Please transcribe only the lines that run from the line bearing "Jumpman Jay Race BreedMix" to the end of the entries, keeping both end lines. Skip the pictures.

================================

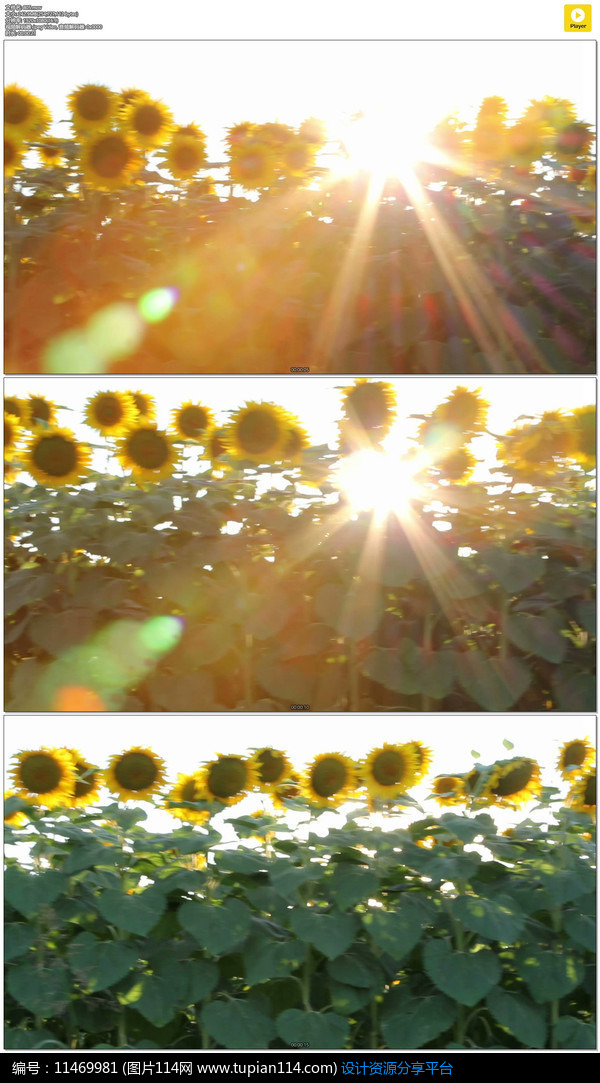 [原创] 阳光穿过向日葵实拍视频素材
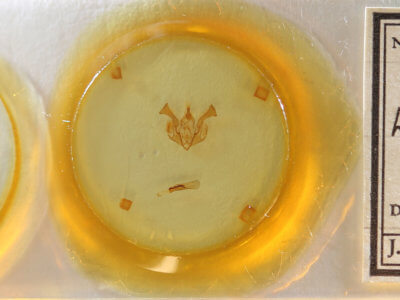 slide view of adult Lacinipolia bucketti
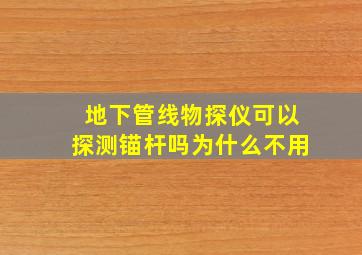 地下管线物探仪可以探测锚杆吗为什么不用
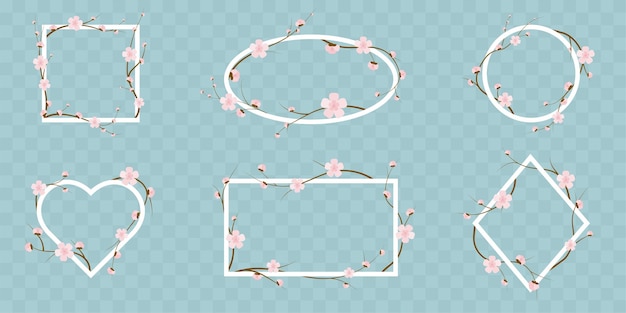 Vector white floral frame set with sakura cherry blossom square circle rectangle and heart vector element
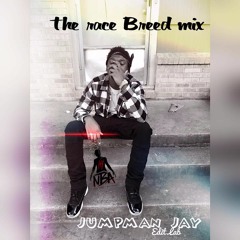 Jumpman Jay Race BreedMix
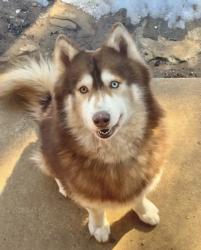 Lost Male Dog last seen Near Kevin drive Euless , Euless, TX 76040
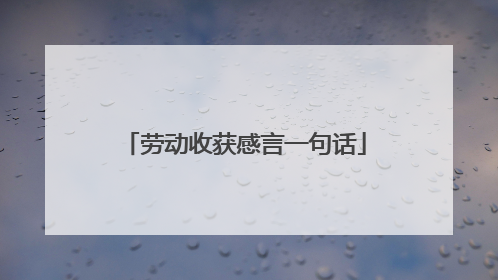 劳动收获感言一句话
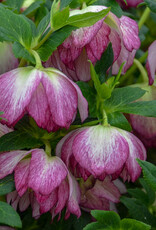 Walters Gardens Helleborus 'Blushing Bridesmaid' #1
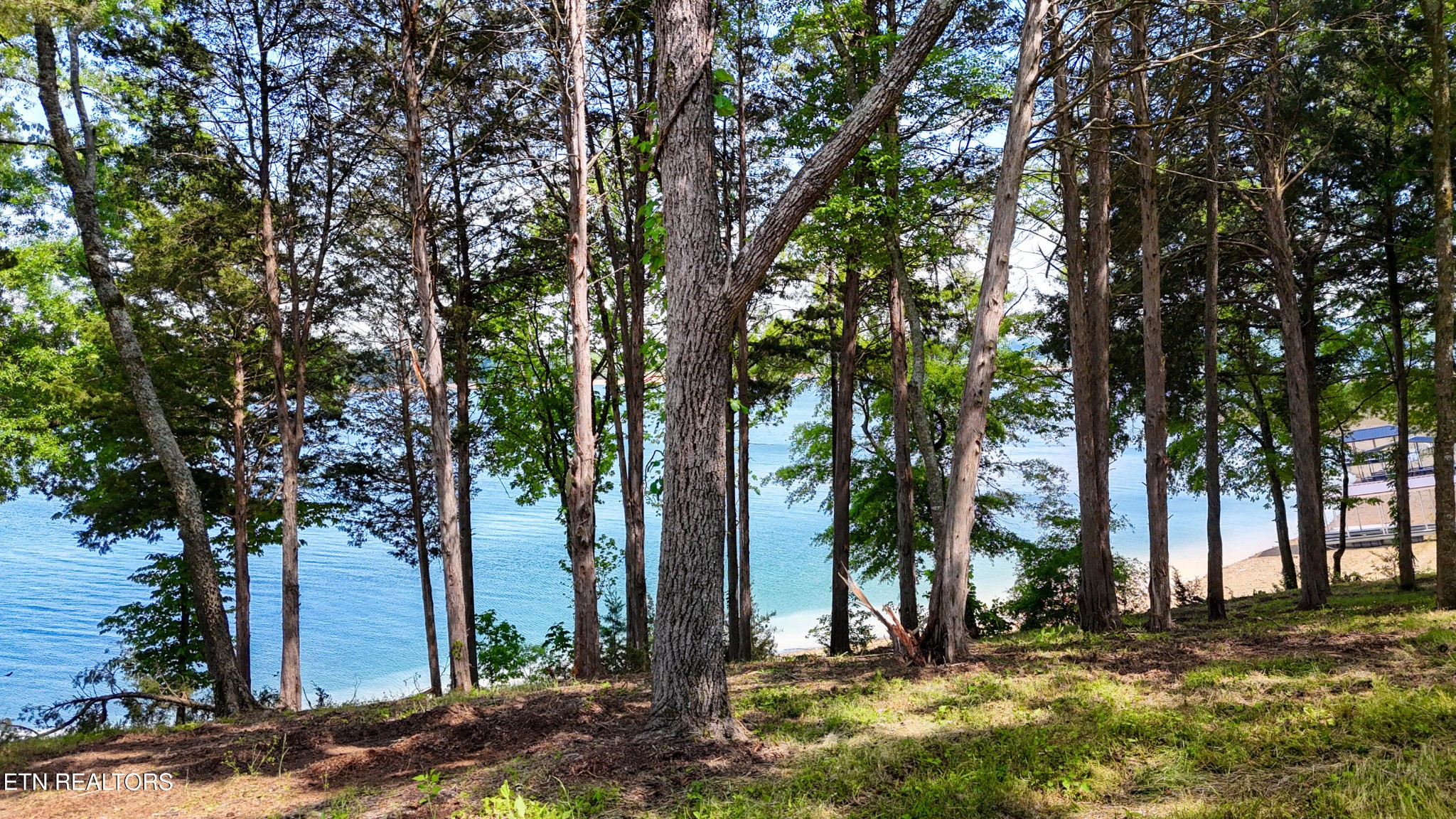 122 Ridge Point Trail Dandridge, TN 37725 - Photo 22 of 33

================================

**EXERCISE RESPONSE**:
 Jumpman Jay Race BreedMix
 Lost Male Dog last seen Near Kevin drive Euless , Euless, TX 76040
 劳动收获感言一句话
 Walters Gardens Helleborus 'Blushing Bridesmaid' #1
 122 Ridge Point Trail Dandridge, TN 37725 - Photo 22 of 33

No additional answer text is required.